Może nie każdy z nas jest Mozartem czy Mickiewiczem, ale każdy jest ważny. Życie każdego z nas to wielka opowieść Wielkiego Autora. Jesteśmy bohaterami tej opowieści i zarazem sami ją tworzymy. (Małgorzata Musierowicz)

piątek, 3 września 2010

Spokojniej...

Mieszkanie względnie doprowadzone do porządku. Teraz zajmuję się sprawami najprzyjemniejszymi - kupiłam nowe bambusowe doniczki, wiklinowy koszyk na chusteczki higieniczne, pobawiłam się trochę i poobklejałam skóropodobną okleiną pudełka na tak zwane pierdoły, opróżniłam komodę i ułożyłam w niej rzeczy dla Młodego. Chociaż może ułożyłam to zbyt wielkie słowo, chwilowo wrzuciłam jak leci. Po niedzieli wybiorę się po proszek do prania dziecięcych rzeczy (podobno pierwszy raz najlepiej wyprać w takim), wypiorę, poprasuję i wtedy poukładam już tak, jak ma być. Wygląda na to, że syndrom wicia gniazda włączył mi się na dobre.
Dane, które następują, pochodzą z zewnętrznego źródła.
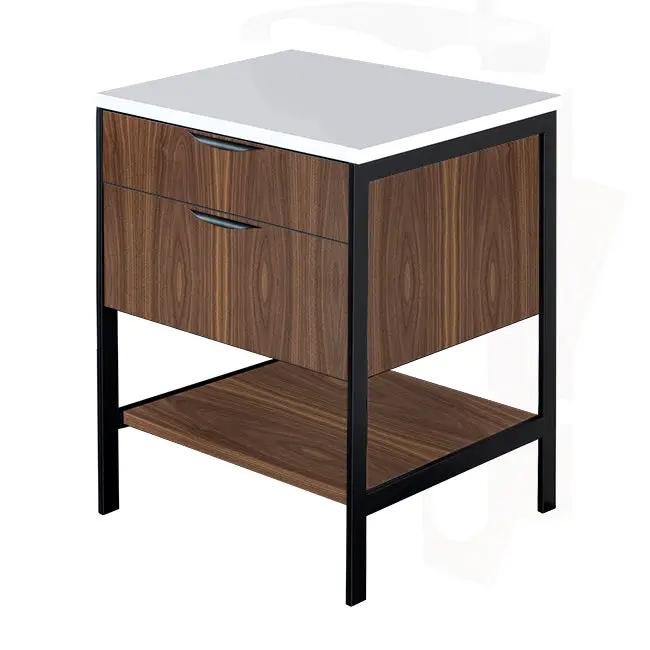 Lacava Navi 24" Free Standing Under-Counter Vanity by Lacava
Za mną dwa dni i dwie noce bez Męża. Dzisiaj wieczorem już wraca. Kolejny raz dochodzę do wniosku, że takie chwilowe rozstania całkiem nieźle związkowi robią :-), niemniej bardzo się cieszę, że już dziś będziemy razem.
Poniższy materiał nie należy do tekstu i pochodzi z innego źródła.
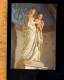 BRANGUES Isère 38 : Eglise Statue / Prière à La Vierge Qui écoute / Sainte Vierge Marie Enfant Jésus - Brangues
Poza tym pora wreszcie wyjść do ludzi po tych dwóch tygodniach wyjętych z życiorysu. Na przyszły tydzień zapowiada się spotkanie z P. , warto byłoby też spotkać się z kimś z pracy i posłuchać ploteczek na temat nowej dyrekcji i jej rządów. Ostatni rok naprawdę był pod tym względem pozytywny, szkoda, że to było tylko p.o. i tylko przez rok. Zobaczymy jak będzie teraz. Jedno jest pewne - na pewno będzie lepiej niż przy pani S.J.